Ohio Hospital First to Upgrade Philips Convertible MRI
by Brendon Nafziger
, DOTmed News Associate Editor | October 12, 2009
The Philips convertible
A hospital in Ohio has been the test site for what Philips Healthcare claims is one of the first of its kind: an MRI conversion.
Last year, MetroHealth Medical Center in Cleveland, Ohio, a hospital affiliated with Case Western Reserve University, was the first location to upgrade its Philips Achieva XR MRI from a 1.5 to 3 Tesla strength magnet.
This conversion now allows the health center to "take advantage of advanced imaging techniques like spectroscopy and diffusion/perfusion scanning," Steve Mitchell, senior director of MR at Philips, tells DOTmed News.
Philips claims its Achieva XR line is one of the first fully convertible MRI platforms on the market.
Typically, if a hospital were to change magnets with what Mitchell calls a "fork-lift upgrade," it would require de-installing the current platform, re-shielding the room, and putting in a brand new scanner.
But Philips says converting the Achieva XR is easy, and compared to a new installation could save hospitals around $750,000.
For one, the shielding for the 1.5T model is built to withstand 3T, so most of the upgrade is just ramping up, and switching out, parts.
"The upgrade simply ramps the magnet from 1.5T to 3T and changes the 1.5T RF coils for 3T versions. The RF amplifier in the equipment room would also be swapped to a 3T version," Mitchell explains.

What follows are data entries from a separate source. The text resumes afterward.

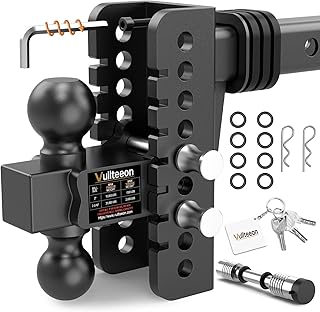 Adjustable Trailer Hitch - Drop Hitch Fits 2-Inch Receiver, 6 Inch Tow Hitch with Dual-Ball(2'' & 2-5/16''), Max 20,000 LBS GTW, Heavy Duty Trailer Hitch with Anti-Theft Pins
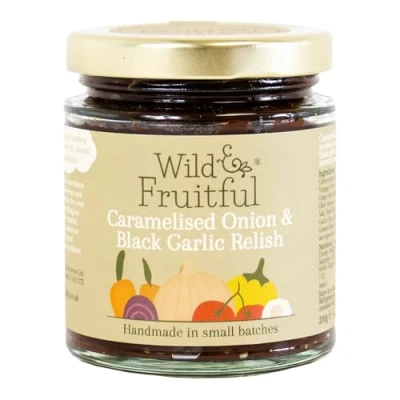 Image of Wild &amp; Fruitful Caramelised Onion Black Garlic Relish 200g Jar Sweet Savoury Condiment Hand Made in Cumbria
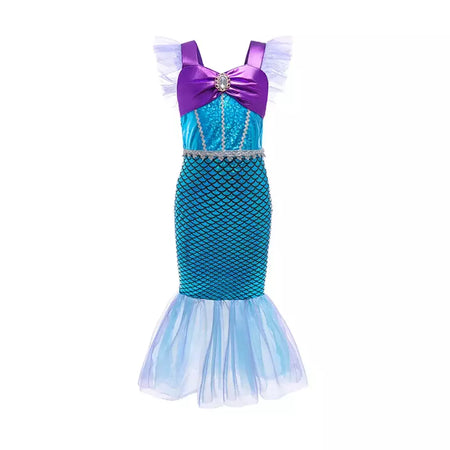 Meninas roxo-azul sereia ariel cosplay vestido de halloween vestido de festa de aniversário meninas praia vestido de férias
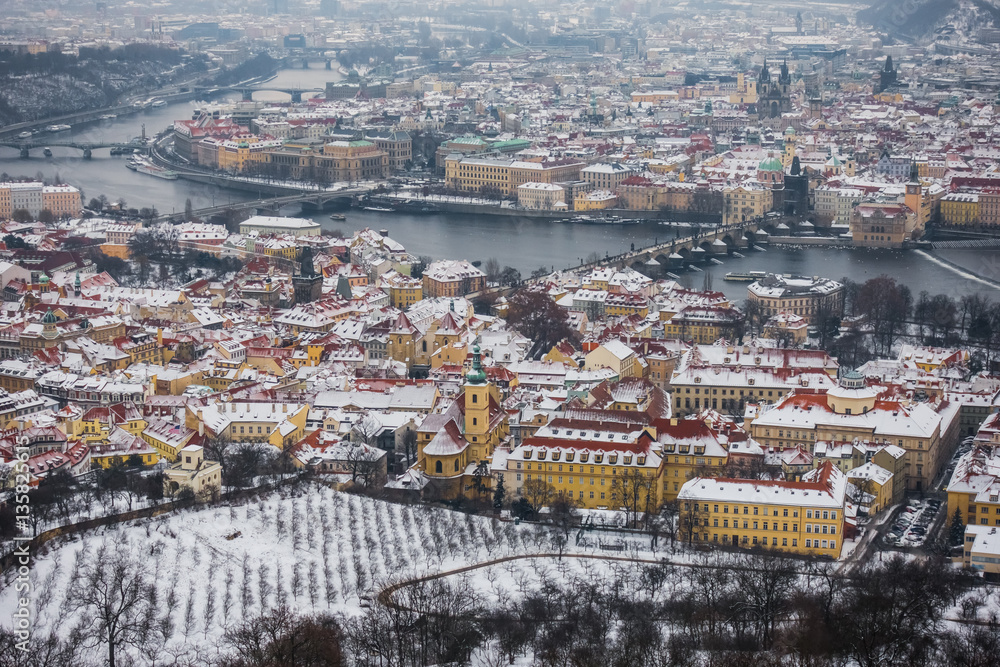 Aerial view of Prague under the snow in winter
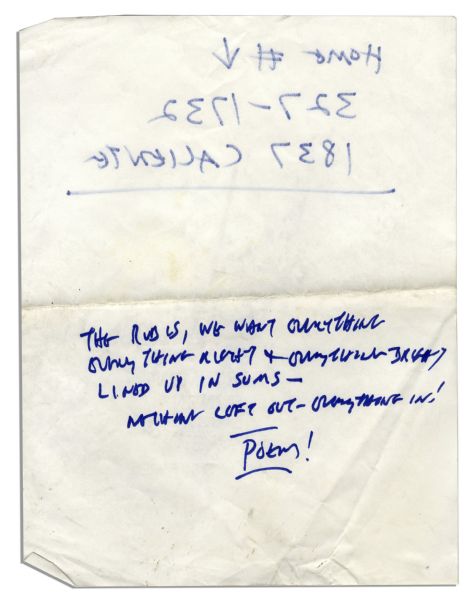 Ray Bradbury Handwritten Poem -- ''The Rubes, we want everything everything right and everything bright /  lined up in sums -- nothing left out -- everything in! / Poem!''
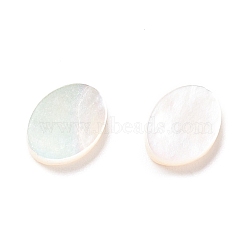 White Shell Cabochons, Flat Oval, White, 7x5x1mm(SSHEL-C008-02)
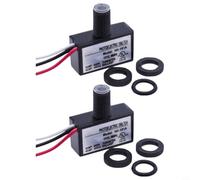 Lot de 2 interrupteurs photoélectriques 120 VAC Capteur crépusculaire Contrôle de la lumière Résistant aux intempéries pour jardin, cour, allée, grange, marche/arrêt automatique, noir
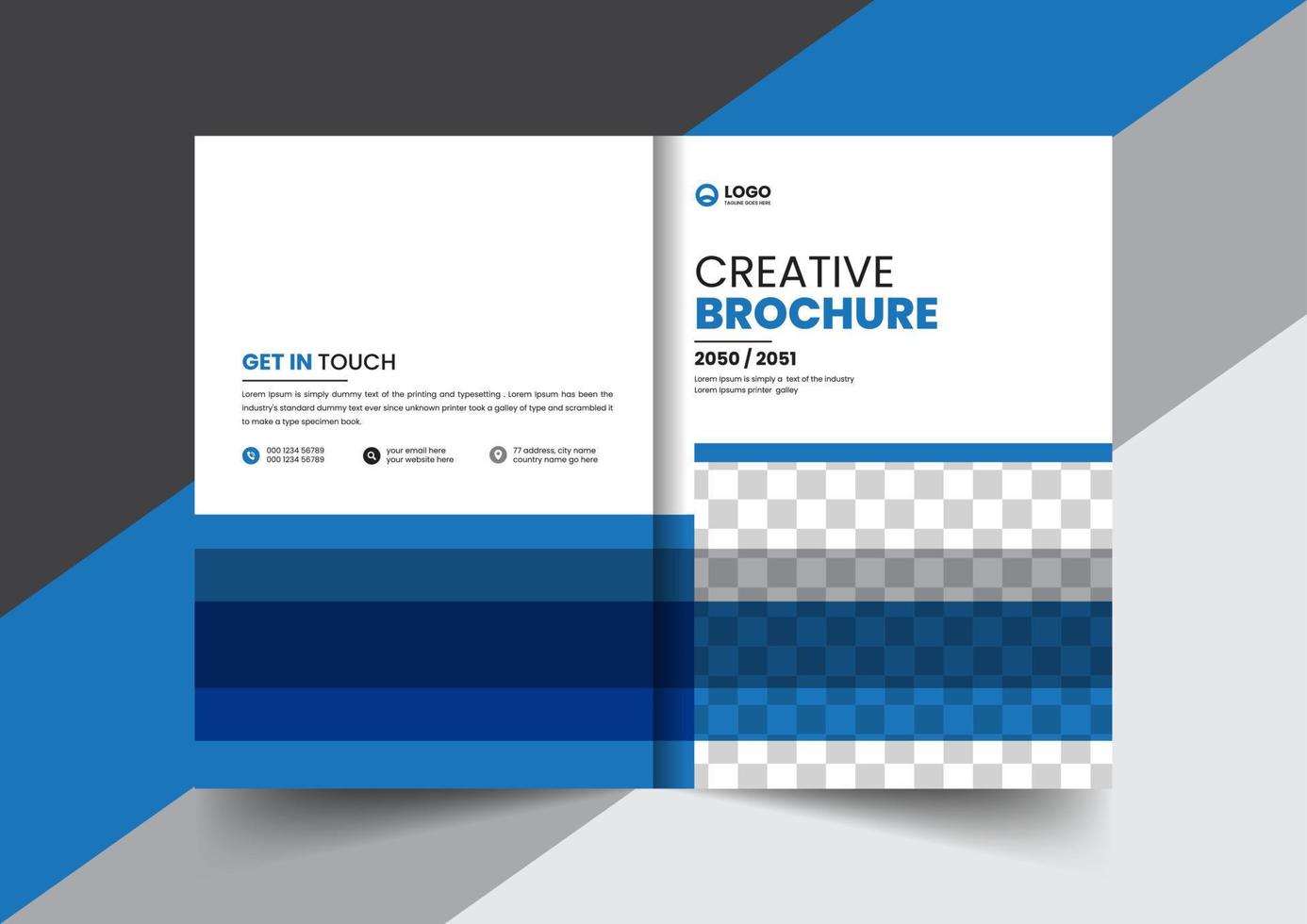 corporate bedrijfsprofiel brochure jaarverslag boekje voorstel voorblad lay-out conceptontwerp vector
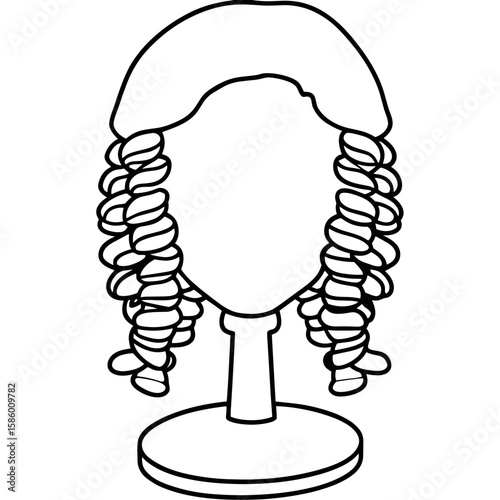 Icon curled wig on stand drawing in black and white  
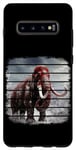 Galaxy S10+ Retro black and red woolly mammoth on snow, clouds, art. Case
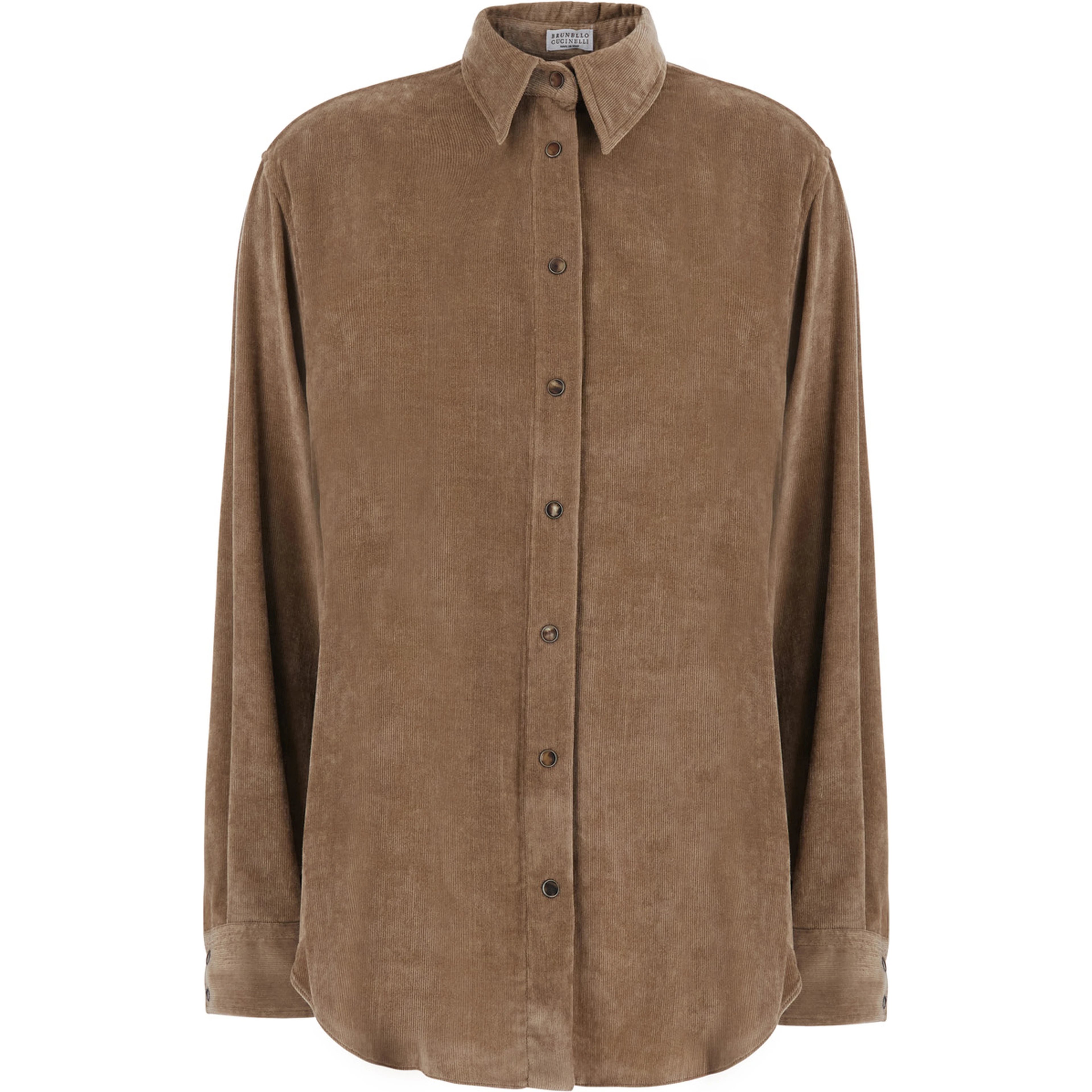 Beige shirt with classic collar in corduroy for women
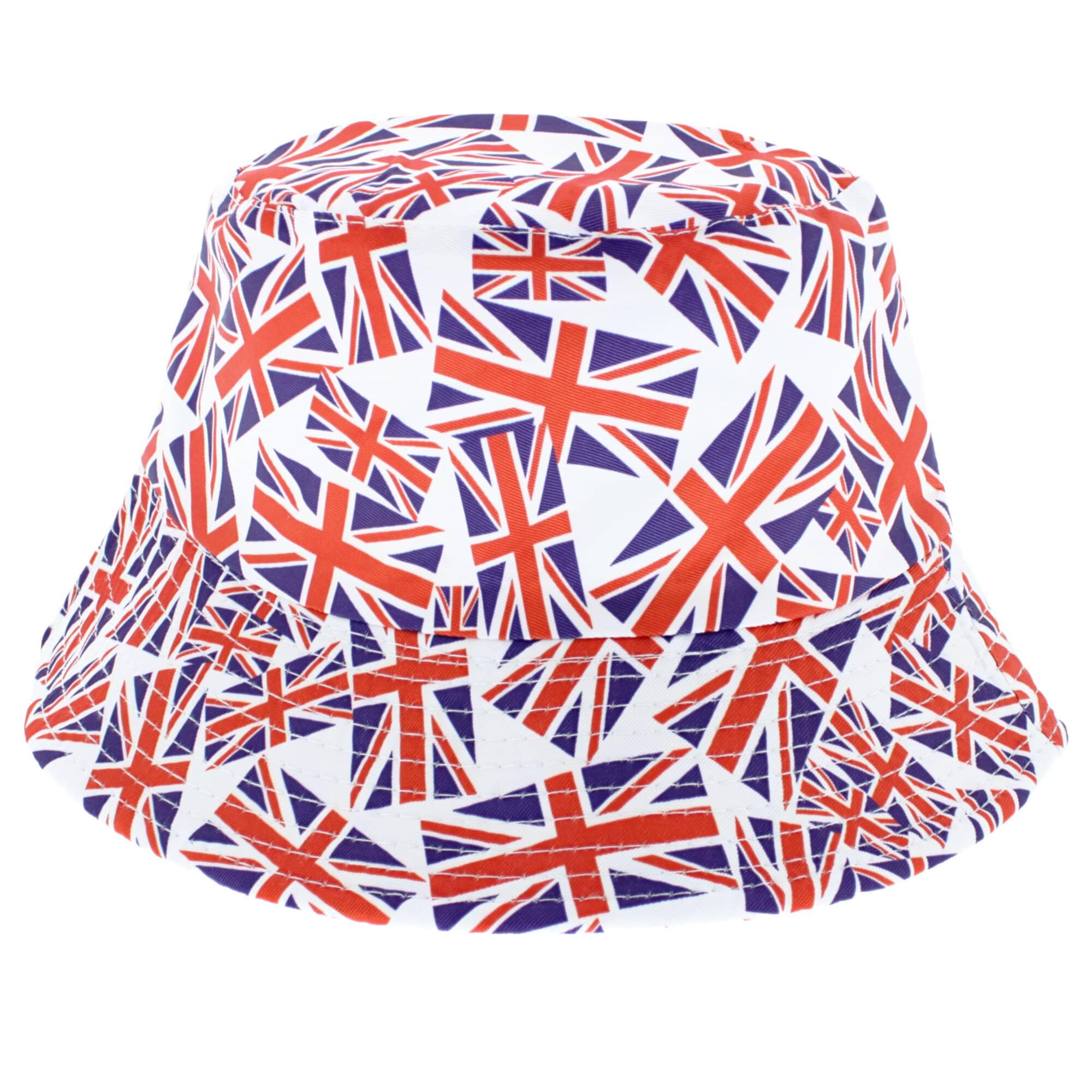 Zac's Alter Ego Union Jack British Flag Bucket Hat - Ideal for Olympics, National Parties, etc... White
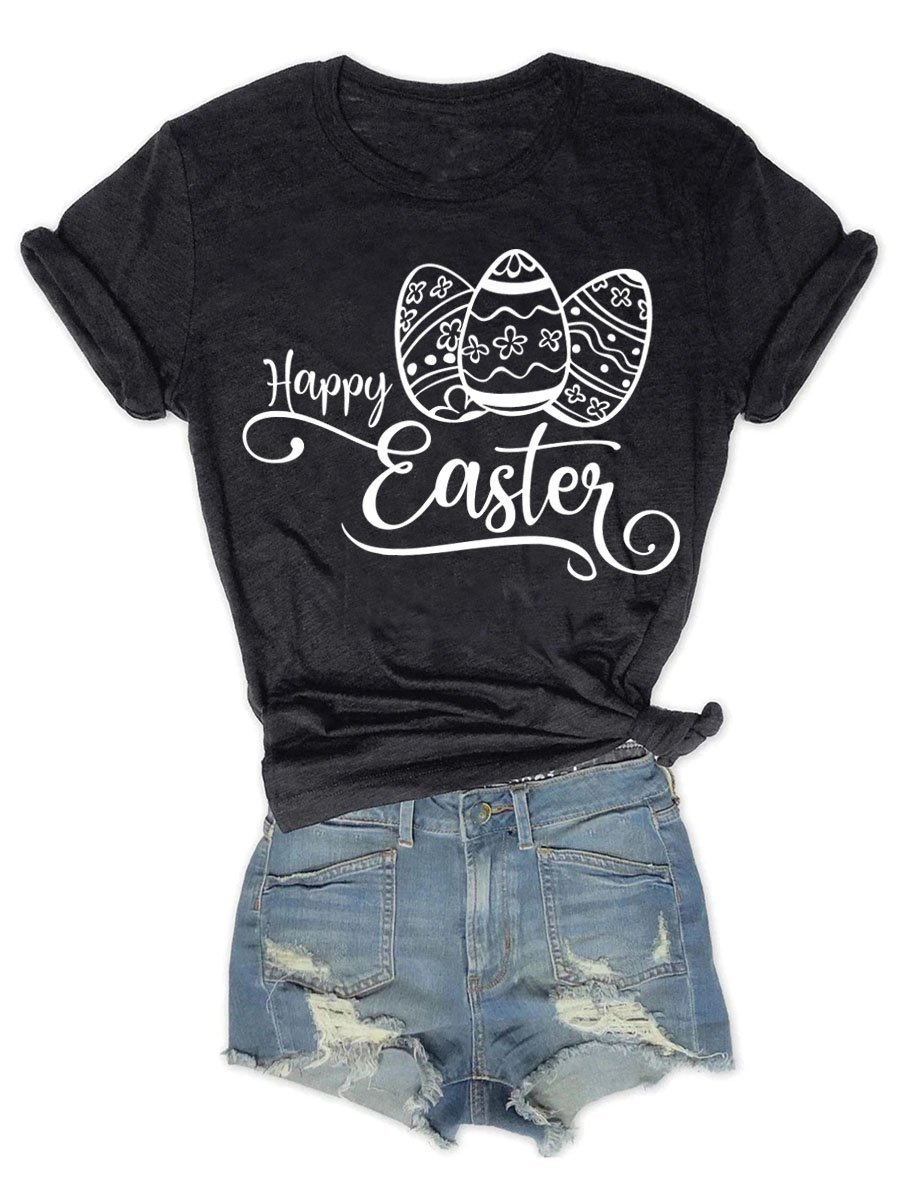 Easter Graphic Short Sleeve Round Neck Loose Tee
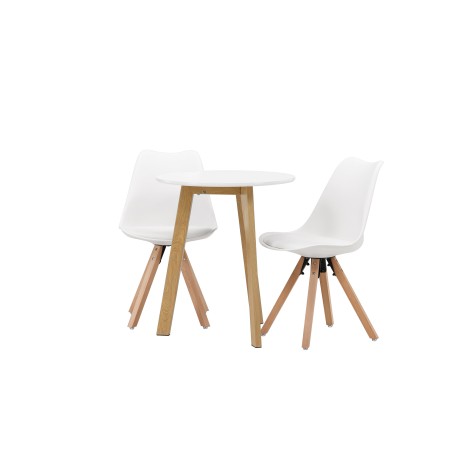 Leonora söögilaud φ65 - Oaklook / valge MDF + söögitool Zeno - Nature woodlook / valge PP _2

And Philips says the total time for conversion is only one week.
Moving to a 3T can expand the range of clinical applications, according to Mitchell. It doubles the signal-to-noise ratio, allowing sharper image quality, and lets practitioners go into specialties such as functional neuroimaging.
Because the Achieva XR is new, Mitchell believes it'll be at least a couple of years before other sites will follow suit and exchange their magnets.
"The expectation is that you would operate at 1.5T for 24 to 36 months before making the upgrade," he explains.